Image-text web data
■ ■ ■ ■

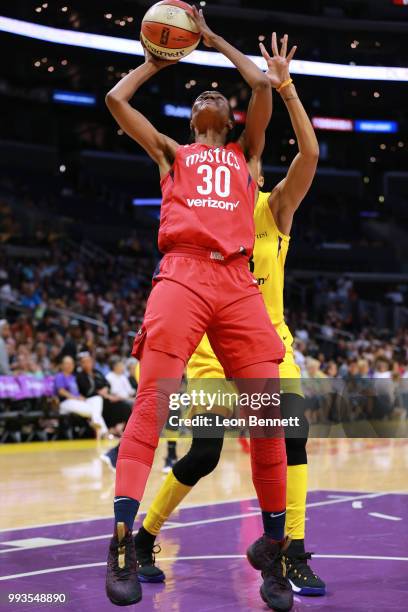 LaToya Sanders of the Washington Mystics handles the ball against Candace Parker of the Los Angeles Sparks during a WNBA basketball game at Staples...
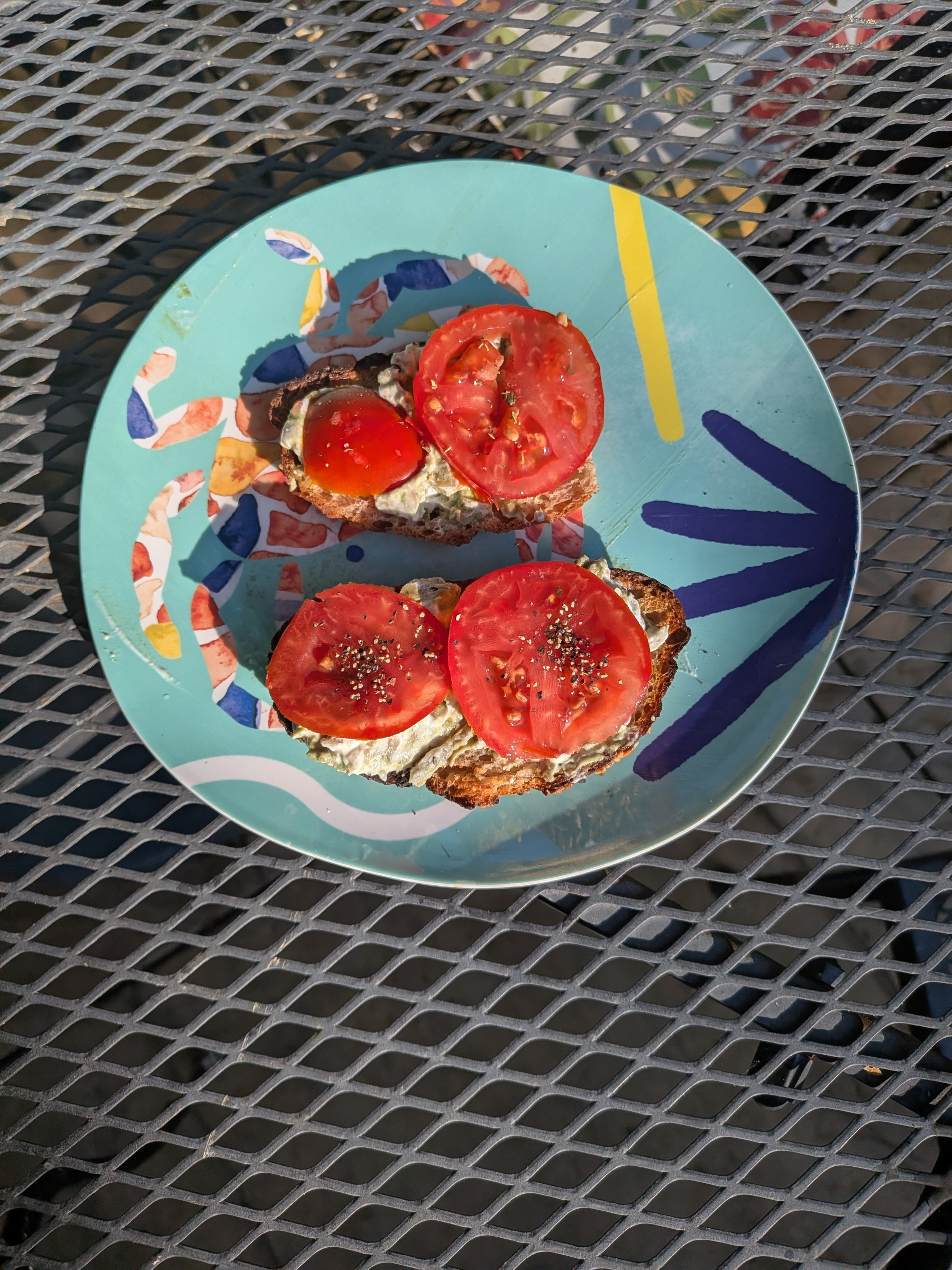 Two slices of toast with cream cheese, tomato slices, and chia seeds are placed on a colorful plate set on a metal mesh table.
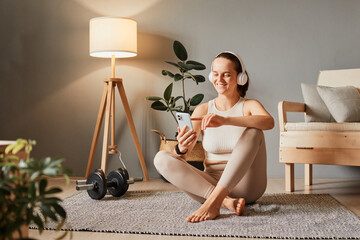 Beautiful smiling woman in headphones looking at smartphone, listening music and relaxing after training wearing beige sportswear enjoying workout.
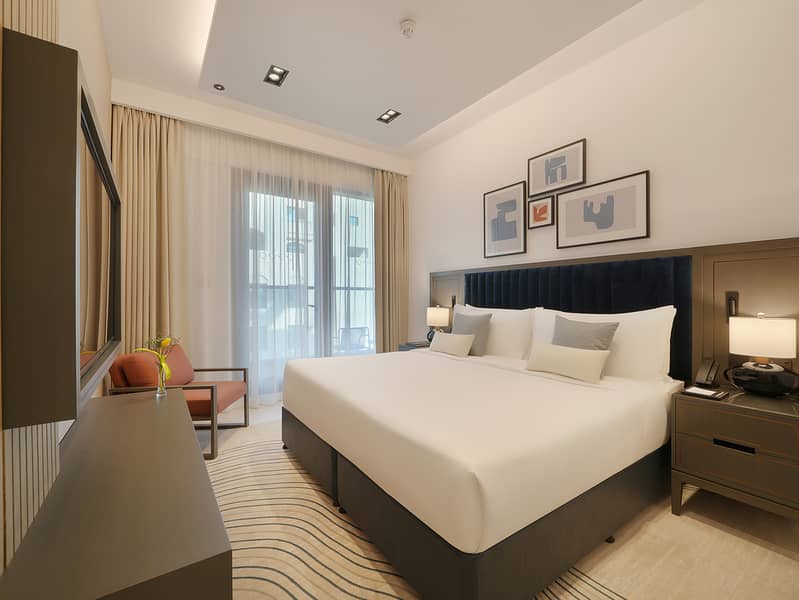 5 CMTP_Deluxe_One_Bedroom_Bedroom. jpg
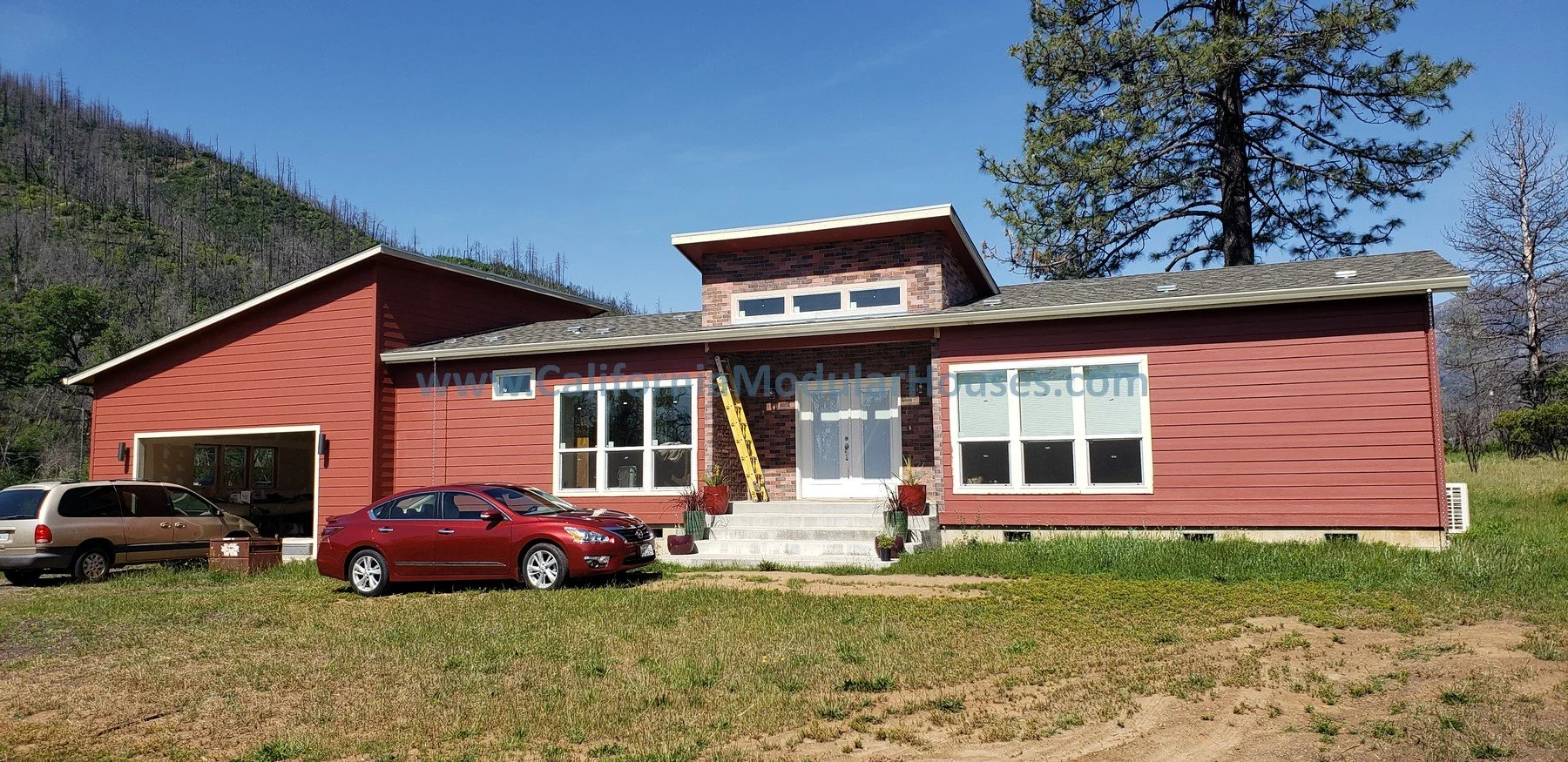 Modern house with red siding, brick chimney, and multiple large windows, surrounded by a grassy yard with cars parked in front, set against a hillside with trees and a clear blue sky. Middletown Prefab Homes, Middletown, Lake County, CA.
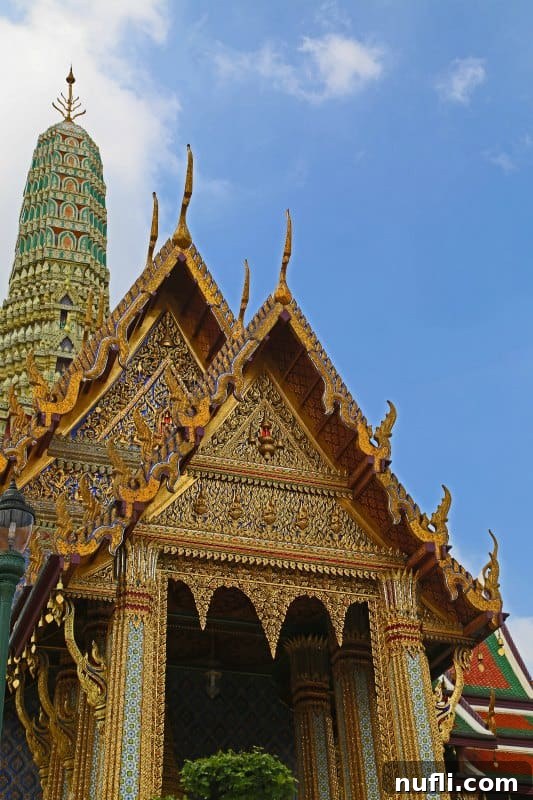 Bangkok's Grand Palace: Discovering Royal Thailand with Essential Visitor Tips 5 Golden building in the Grand Palace complex, gleaming under the sun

■ ■ ■ ■

Task statement: Write out the records shown above exactly, but do not include any images.

Response:
 LaToya Sanders of the Washington Mystics handles the ball against Candace Parker of the Los Angeles Sparks during a WNBA basketball game at Staples...
 Two slices of toast with cream cheese, tomato slices, and chia seeds are placed on a colorful plate set on a metal mesh table.
 Beautiful smiling woman in headphones looking at smartphone, listening music and relaxing after training wearing beige sportswear enjoying workout.
 5 CMTP_Deluxe_One_Bedroom_Bedroom. jpg
 Modern house with red siding, brick chimney, and multiple large windows, surrounded by a grassy yard with cars parked in front, set against a hillside with trees and a clear blue sky. Middletown Prefab Homes, Middletown, Lake County, CA.
 Bangkok's Grand Palace: Discovering Royal Thailand with Essential Visitor Tips 5 Golden building in the Grand Palace complex, gleaming under the sun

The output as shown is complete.